# Patent Breakthrough walkthrough

This notebook illustrates the complete analysis process of breakthrough patents, from preparing input files
to calculating impact and novelty scores.

## 1. Preparing input files

There are three input files: a file with patent texts, a patent/year-index, and list of patent/CPC-codes.

### Patents
In its raw format, the input file contains the text of one patent file per line.
Each line starts with a path pointing to that patent's original text 
file (`/Volumes/External/txt/0000000-0100000/US1009.txt`), followed by the patent text. Example file: `./data/raw_input.txt`. 


### Patent/Year-index
Contains the year of publication of each patent. Example file: `./data/year.csv`. 


### CPC-file
The CPC-file (Cooperative Patent Classification) contains the patent classification code for each patent. These codes are used to calculate benchmark similarities. Example file: `./data/GPCPCs.txt`

Note: the included data files only contain a small subset of the original data, for example purposes.

#### Other files
The three other files in the data folder - `greek.txt`  `stopwords.txt`, and `symbols.txt` - are required by the `OldPreprocessor`-class.

In [None]:
from pathlib import Path

data_path = "./data"
input_file = Path(f"{data_path}/raw_input.txt")
year_file = Path(f"{data_path}/year.csv")
cpc_fp = Path(f"{data_path}/GPCPCs.txt")
patent_dir = Path("./patents")
output_folder = Path("./output")
output_fp = Path("./output", "patents.h5")
results_fp = Path("./results")

output_folder.mkdir(exist_ok=True)
patent_dir.mkdir(exist_ok=True)

### 1.1. Compressing

The compressor function transforms the patents to a more manageable format, sorts and saves them by year of publication, and compresses the resulting files.

In [None]:
from docembedder.preprocessor.parser import compress_raw


if len([path for path in patent_dir.iterdir() if path.suffix==".xz"])==0:
    print("Compressing raw files")
    compress_raw(input_file, year_file, patent_dir)
else:
    print(f"xz-files already present in '{patent_dir}'")    

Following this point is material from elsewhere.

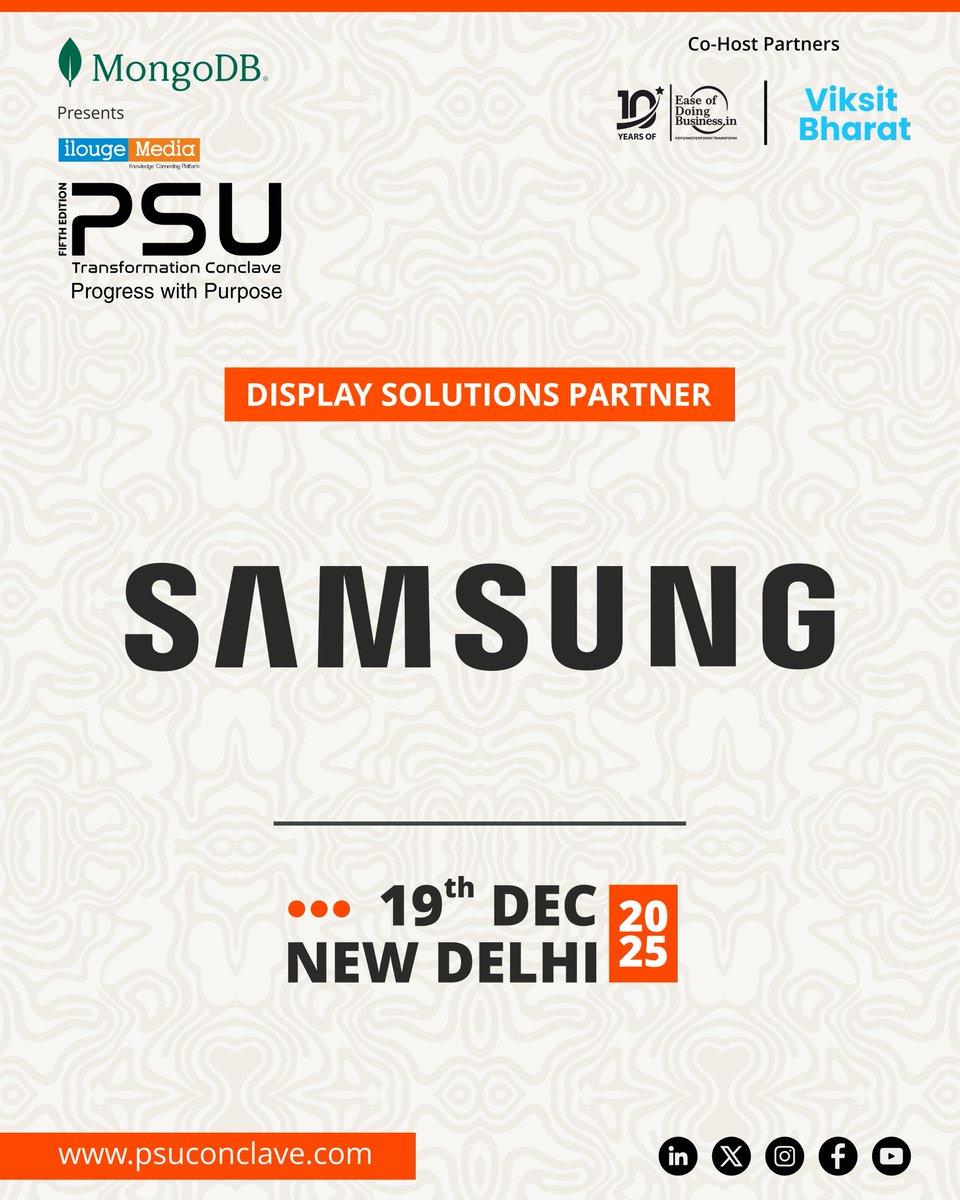 ilougemedia's tweet image. Glad to welcome @SamsungIndia as the Display Solutions Partner for the 5th PSU Transformation Conclave!

Powering immersive digital experiences through advanced display technologies.

19 Dec 2025 | New Delhi
psuconclave.com

#PSUConclave #Samsung #DisplaySolutions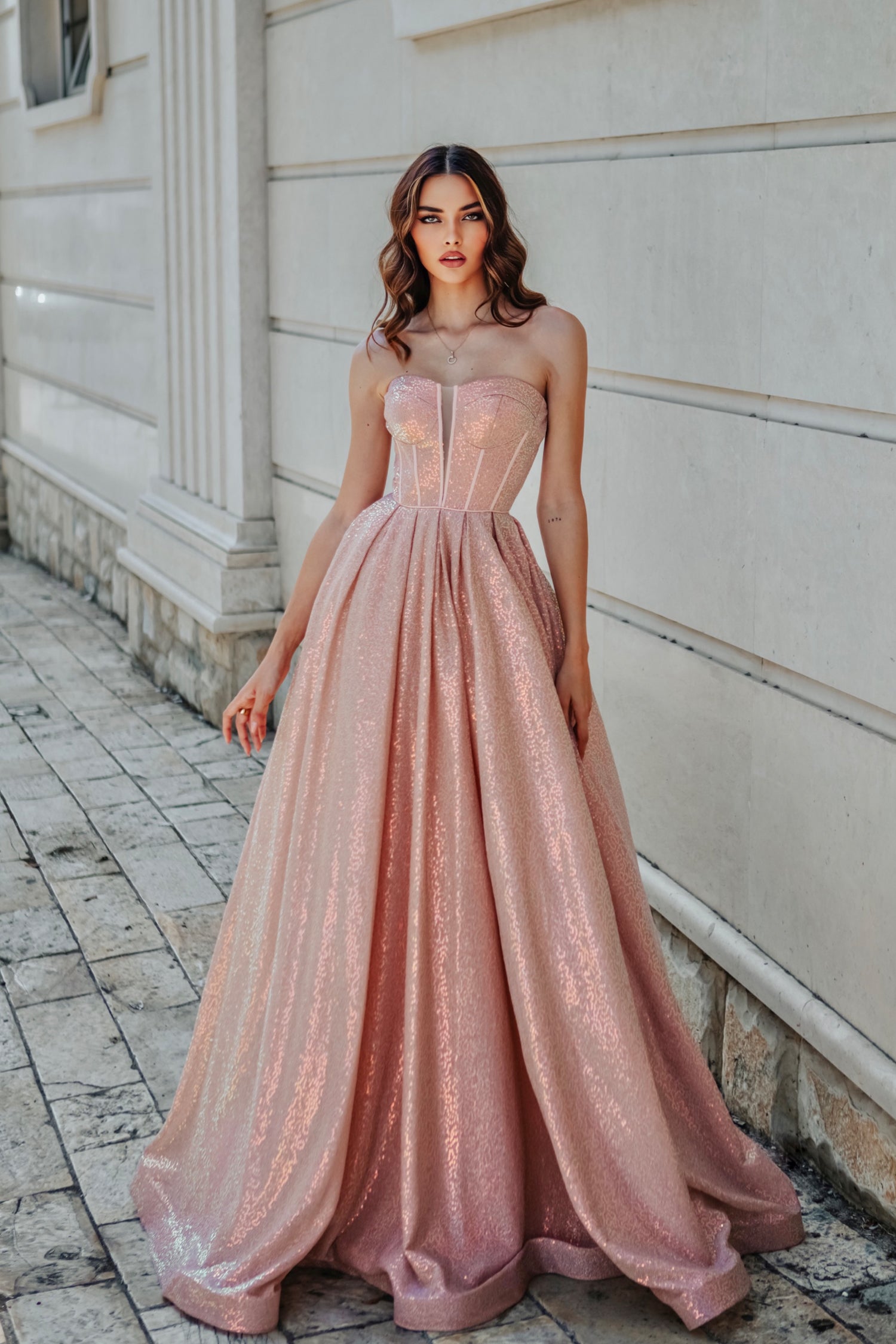 TINA HOLLY COUTURE TK313 strapless sequin prom gown with sweetheart neckline, Brisbane to Gold Coast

You now have XZ-compressed files containing patents per year. Each file contains a list of JSON-objects, each JSON-object has the following key/values:

- `patent`: patent's ID
- `file`: path of original text file (not actually used)
- `contents`: patent text
- `year`: year of publication

## 2. Calculating embeddings

We calculate embeddings and scores with four different models: Countvec, Tf-Idf, Doc2Vec, and BERT ([PatentSBERTa](https://github.com/AI-Growth-Lab/PatentSBERTa)).


### 2.1. Preprocessors & parameters
Each model has its own preprocessor with various parameters. Most models also have configurable hyperparameters. The values for these parameters have been optimised using the original dataset, resulting in the values used in the `compute_embeddings()`-function below.

To recalibrate preprocessor and model parameters, run each model's hyperopt-script. See the [readme](https://github.com/UtrechtUniversity/patent-breakthrough/blob/main/docs/hyperparameter.md) and [hyperopt-notebooks](hyperopt/) for more details.


### 2.2. Calculating embeddings
Next, we calculate the embeddings.

In [None]:
from docembedder.models import TfidfEmbedder
from docembedder.preprocessor.preprocessor import Preprocessor
from docembedder.preprocessor.oldprep import OldPreprocessor
from docembedder.models.doc2vec import D2VEmbedder
from docembedder.models import CountVecEmbedder
from docembedder.models import BERTEmbedder

from docembedder.utils import run_models
from docembedder.pretrained_run import pretrained_run_models
import datetime

def check_files(sim_spec):
    for year in range(sim_spec.year_start, sim_spec.year_end):
        if not (patent_dir / f"{year}.xz").is_file():
            raise ValueError(f"Please download patent file {year}.xz and put it in"
                             f"the right directory ({patent_dir})")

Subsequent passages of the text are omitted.